Такие громадные сугробы к февралю вырастали во многих дворах. Поэтому игра в «Царя горы» = становилась обязательным номером программы нашего времяпрепровождения.
Когда снега выпадало много, мы принимались прыгать в сугробы с крыш и заборов с таким расчетом, чтобы в воздухе сделать кульбит и почти встать на ноги.
Естественно, мы так вываливались в снегу, что приходилось долго отряхиваться, чтобы заявиться домой и обойтись без особых родительских укоров.
Это было замечательное время, когда мы были счастливы оттого, что много снега. А настоящим наказанием для нас звучал приказ родителей – не пойдешь гулять – ты наказан!
Как весна с зимой воевала
Приход весны – это, пожалуй, самое желанное время года. Но всегда, если чего-то ждешь, то оно не спешит и, кажется, вообще никогда не придет. Оставалось искать приметы приближения весны, которые появлялись уже в конце февраля!
Еще стояла крепкая зима, но солнце уже поднималось все выше и выше. И вот на южной стороне сугробов лучи солнца начинали плавить снег. Еще на улице мороз, но в полдень кое-где весна уже немного потеснила зиму.

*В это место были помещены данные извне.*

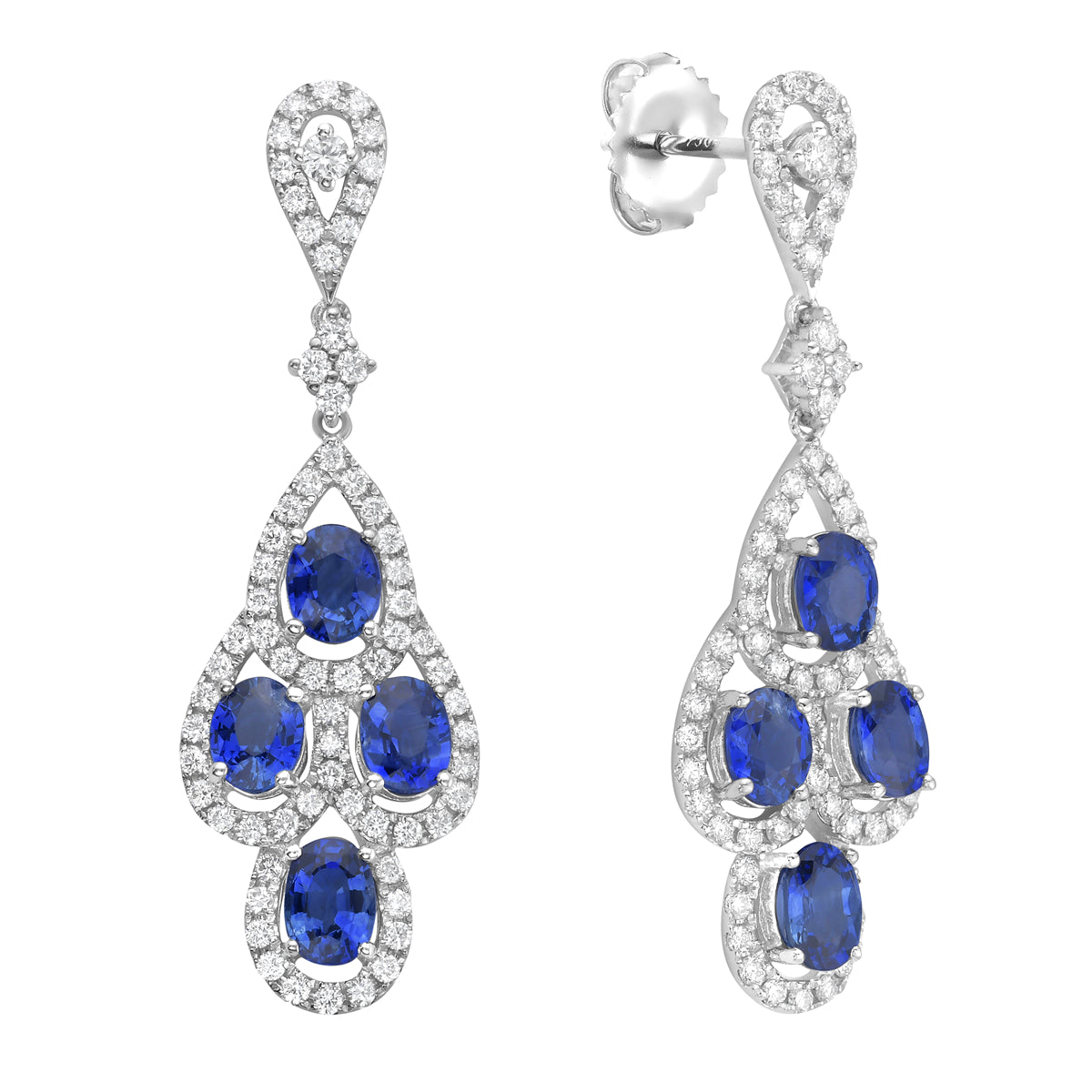 18K White Gold Blue Sapphire Earrings, 3.75ct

Эти темные проталинки с южной стороны сугробов и были первыми территориями, освобожденными весной. И чем дальше, тем все больше и больше становилось отвоеванного ею пространства. И это радовало нас и наполняло предчувствием весны.

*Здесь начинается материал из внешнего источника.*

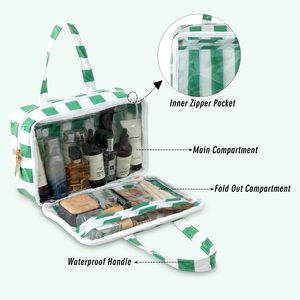 Sac cosmétique en PVC rayé vert et blanc, capacité moyenne, fermeture à glissière, poignée souple, style moderne, résistant à l'eau - Product Image 2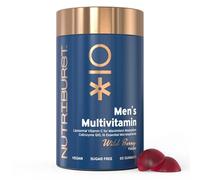 Nutriburst Men’s Multivitamin - Immune System & Mental Performance - Contains 16 Micronutrients; B2, B3, B5, B6, B12, A, C, D - Vegan Sugar Free Supplement - 60 Berry Gummies - 1 Month Supply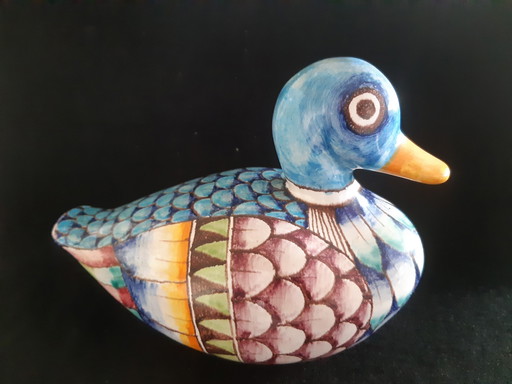 Romano Innocenti Poterie italienne peinte à la main Figurine canard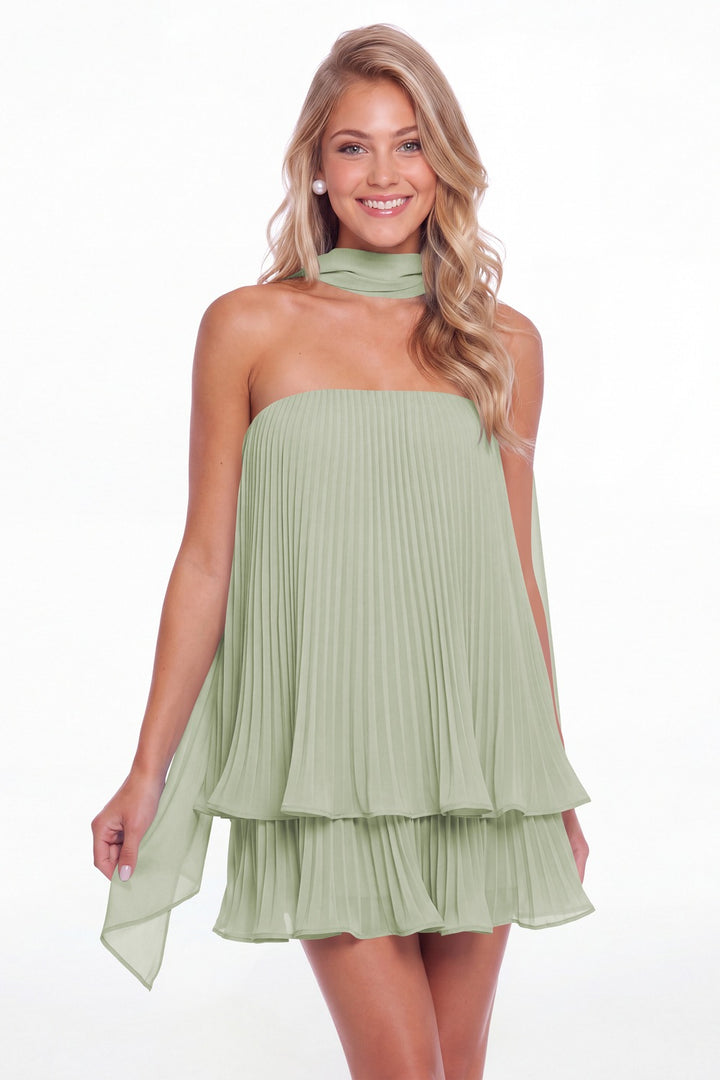 Sage Green Two-Way Strapless Pleated Chiffon Tiered Mini Dress - Front View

Проблема выбора… меры наказания
Теперь человечество спохватилось и борется за права ребенка, а судьи могут даже посадить родителя в тюрьму, если он ударит ребенка.
Не знаю, кем бы я стал, если бы не получал изредка хорошей взбучки. Хорошей – в смысле, несколько ударов ремнем.
Мы часто проказничали и за это получали адекватное наказание. То заберемся в чужой сад и отрясем яблоню-другую. То съедим семенные огурцы с грядки, и оставим хозяйку без семян на будущий год. То разобьем стекло из рогатки в чьем-нибудь окне, то однажды по неосторожности вытолкнули сестру Люсю в окно второго этажа. Часто уходили куда-нибудь без спроса, а дома начинали нас искать. Короче, изредка, бывало, нас вразумляли.
Отец предупреждал – если нашкодишь, то повинись. Я же молчал, как партизан, за что и получал соответственно. Прежде чем учить уму-разуму, батя спрашивал: «Каким ремнем хочешь быть наказан – „поднаганным“ или от портупеи?»
Выбор был невелик, но я считал, что надо выбрать тот ремень, который бьет слабее. «Поднаганный» ремень представлял узкую полосу из кожи. Использовался он для того, чтобы револьвер не выпал из кобуры при беге или скачке на лошади.
Ремень от портупеи – это широкий пояс с пряжкой и подвижными ремешками, на который подвешивалась кобура, а одно время даже шашка.
Я всегда выбирал ремешок поменьше размером, то есть «поднаганный», что говорило о плохом представлении законов физики. Одно обстоятельство извиняло мой промах – ее мы начали изучать много позднее, в шестом или седьмом классе. Но зато когда я стал ее изучать, то понял свою детскую ошибку в выборе меры наказания, и стал более внимательно слушать объяснения на уроках.
«Только через тряпочку»
Это заклинание я произносил, когда приходилось обрабатывать йодом мои раны. Царапин, порезов и ссадин, как у всякого мальчишки, было много в течение всего детства и даже юности. Все эти раны надо было помазать йодом, так как все знали о последствиях, если этого не сделать. И тут опять приходилось делать трудный выбор – бежать к родителям и терпеть боль от йода или перетерпеть ее и дождаться, когда кровь остановится.